What’s going on in your gut might be more important than you think. Human intestinal microbial health has become the subject of intense interest and research in recent years, and there’s a big reason why.
The human intestinal tract contains a complex microbial community that plays a central role in your health. Our gut has been estimated to contain in nearly 1000 bacterial species, totaling over 100 trillion cells that influence our physiology, gene expressions, metabolism, immunity and overall nutrition.
Why is gut health so important?
Our bacterial health largely impacts our immune system which is responsible for all inflammation in the body, our ability to fight disease and our ability to have a strong immune system for the prevention of cancer and other immune disorders such as autoimmune disease.
Autoimmune diseases (which includes Diabetes type 1, MS, rheumatoid arthritis, lupus, urticaria, Hashimotos’, Graves’ disease and many more), allergies and other immune disorders are becoming more prevalent across the developed world. With further research it has been discovered that our microbial health may have everything to do with these conditions.
Animal studies have shown by changing the microbes of mice in the digestive system positively asthma and other chronic immune disease were reducing and reversing completely. (Vinegar was also used in these studies to encourage the positive microbial change with very strong benefits).
Research has also shown in mice studies that the lack of fermentable fibers and therefore lack of good bacteria in people’s diet may pave the way for allergic inflammatory reactions.
What negatively affects our gut health?
- Dietary changes: eating more processed less wholefoods, less fresh fruit and vegetables
- Limited microbial exposure and outdoor time: reduced exposure to animals, soil and other outside organisms
- Over hygienic environment: chlorinated water supplies, hand sanitisers, anti-microbial cleaners, anti-bacterial hand-washes and our over-washed and hygienic food items (historically people consumed soil microorganisms from their food from under-washed produce)
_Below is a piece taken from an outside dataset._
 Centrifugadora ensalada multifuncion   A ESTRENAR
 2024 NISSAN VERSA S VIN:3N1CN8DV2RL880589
- Medication: antibiotics, NSAIDs, anti-acid medications
- Possible farming contaminates: pesticides, herbicides, chemical fertilizers
How does gut bacteria affect our overall health?
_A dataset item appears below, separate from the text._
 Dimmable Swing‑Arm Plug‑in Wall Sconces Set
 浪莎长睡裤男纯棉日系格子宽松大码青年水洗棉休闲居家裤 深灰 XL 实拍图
- Digesting food and metabolizing essential nutrients
- Regulating our immune system in our gut – we have more immune cells in our digestive system than everywhere else combined
- Communicating to our immune system what to attack
- Controls inflammation and hormone signalling
- Influences our brain chemistry and mood
Poor food choices will result in overgrowth of bad bacteria, whilst good food choices will support a healthy bowel flora.
If your gut is healthy and you’ve set it up with a healthy microbial population, this is known to directly correlate with a decline in many chronic diseases such as obesity, diabetes, asthma, allergies, auto-immune diseases and much more.
In much of the research they have found a diet high in fruits and vegetables has a significant positive impact on a healthy gut! If you have Rebooted before, you likely changed the very foundation of your gut with positive bacteria thriving while the pathogenic dies off!
What to eat for a healthy gut?
In previous posts we’ve told you about the importance of probiotics, fermented foods and resistant starch in supporting gut health, but I’m throwing in another important food group that has a pivotal influence on our microbial health: Prebiotic foods and fruits and vegetables. Prebiotics are non-digestible dietary fibers we get from food that feed your “good” bacteria. The most common naturally occurring prebiotics are inulins, fructo-oligosaccharides (FOS), and galacto-oligosaccharides (GOS), all which pass through the digestive system without being digested or absorbed. Think of it as putting Drain-O down a clogged drain. As it passes through, it doesn’t attach on to anything, but helps stimulate and clean out the system. Foods rich in prebiotics (high levels of inulins and FOS) include asparagus, artichokes, leeks, onions, garlic, bananas, milk (if you have the enzyme to convert lactose to GOS), whole grains, legumes, cruciferous vegetables, and leafy greens.
The soluble fiber along with the resistant starch in fruits and vegetables acts as a food source for our good bacteria. And yes you guessed it. Juicing includes both of these; soluble fiber and resistant starch, so it’s an ideal addition to your diet to achieve optimal gut health.
Great sources of fiber rich fruits and vegetables for a healthy gut are berries, apples, pears, figs, green beans, broccoli, spinach, dandelion greens, leek, garlic, asparagus, Brussels sprouts, cauliflower and root vegetables such as sweet potatoes, onions and carrots.
Changing your gut health doesn’t take much time at all, dietary changes can impact your gut health in a matter of a few days. If you plan to increase your fiber intake it can be best to add extra sources in gradually.
The bottom line: eat more vegetables, fruit and fiber for healthy gut bugs with the reduced risk of many diseases!